--- Exercise prompt ---
Print every record exactly, but leave out the pictures.

(Exercise input begins)

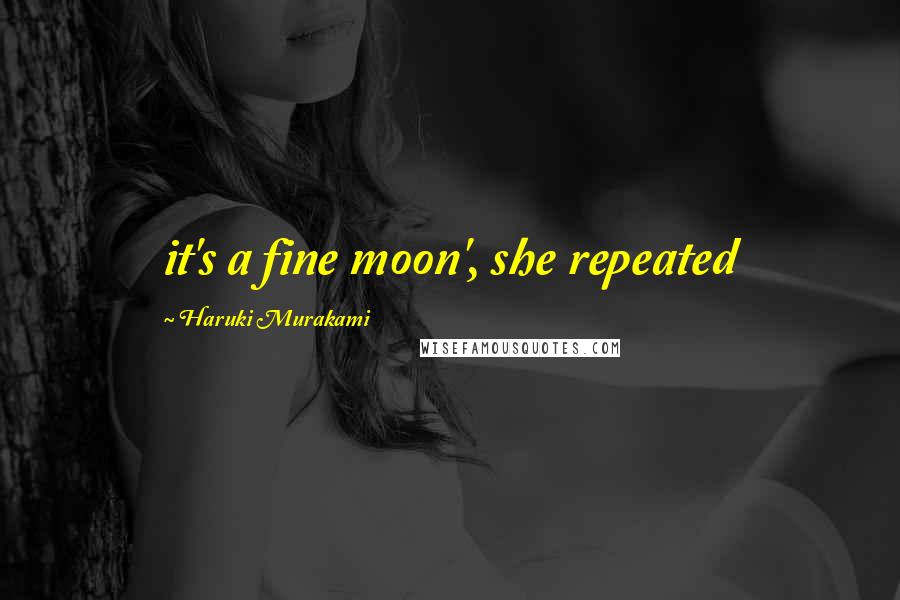 Haruki Murakami Quotes: it's a fine moon', she repeated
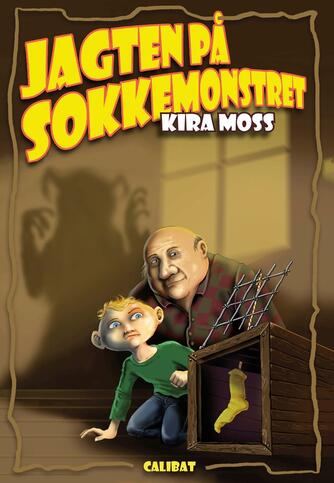 Kira Moss: Jagten på sokkemonstret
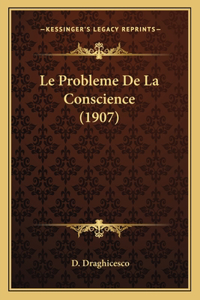 Probleme De La Conscience (1907)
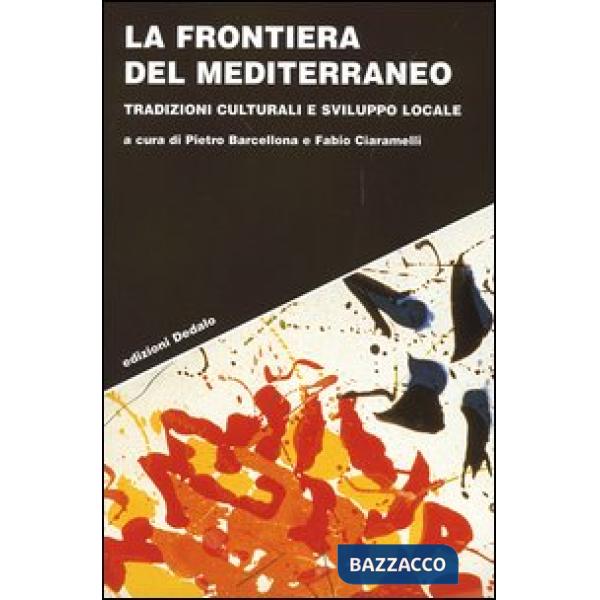 Frontiera del Mediterraneo. Tradizioni culturali e sviluppo locale (La)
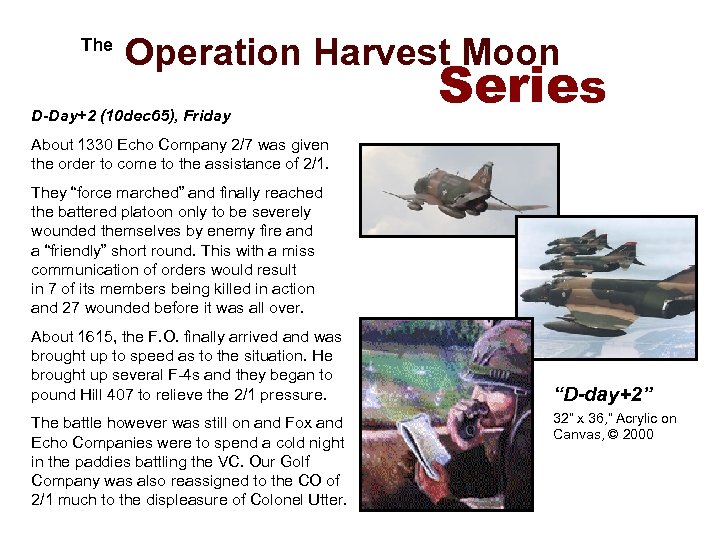  The Operation Harvest Moon D-Day+2 (10 dec 65), Friday Series About 1330 Echo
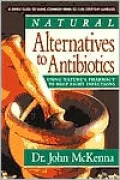 Natural Alternatives to Antibiotics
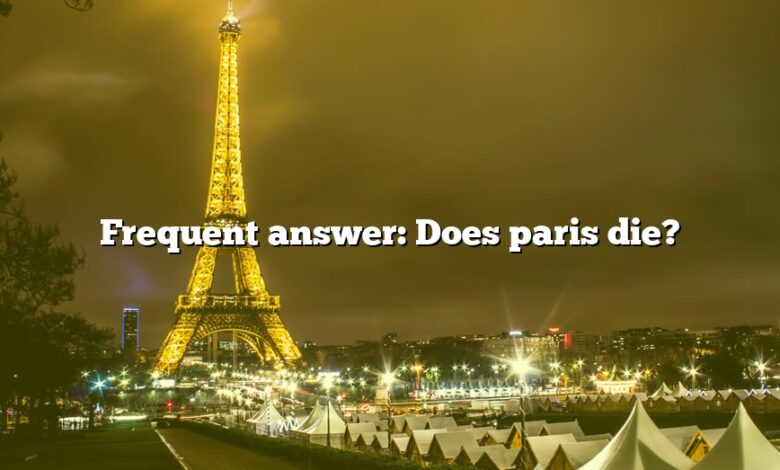 Frequent answer: Does paris die?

(Exercise input ends)

--- Response for this exercise ---
 Haruki Murakami Quotes: it's a fine moon', she repeated
 Kira Moss: Jagten på sokkemonstret
 Probleme De La Conscience (1907)
 Frontiera del Mediterraneo. Tradizioni culturali e sviluppo locale (La)
  The Operation Harvest Moon D-Day+2 (10 dec 65), Friday Series About 1330 Echo
 Natural Alternatives to Antibiotics
 Frequent answer: Does paris die?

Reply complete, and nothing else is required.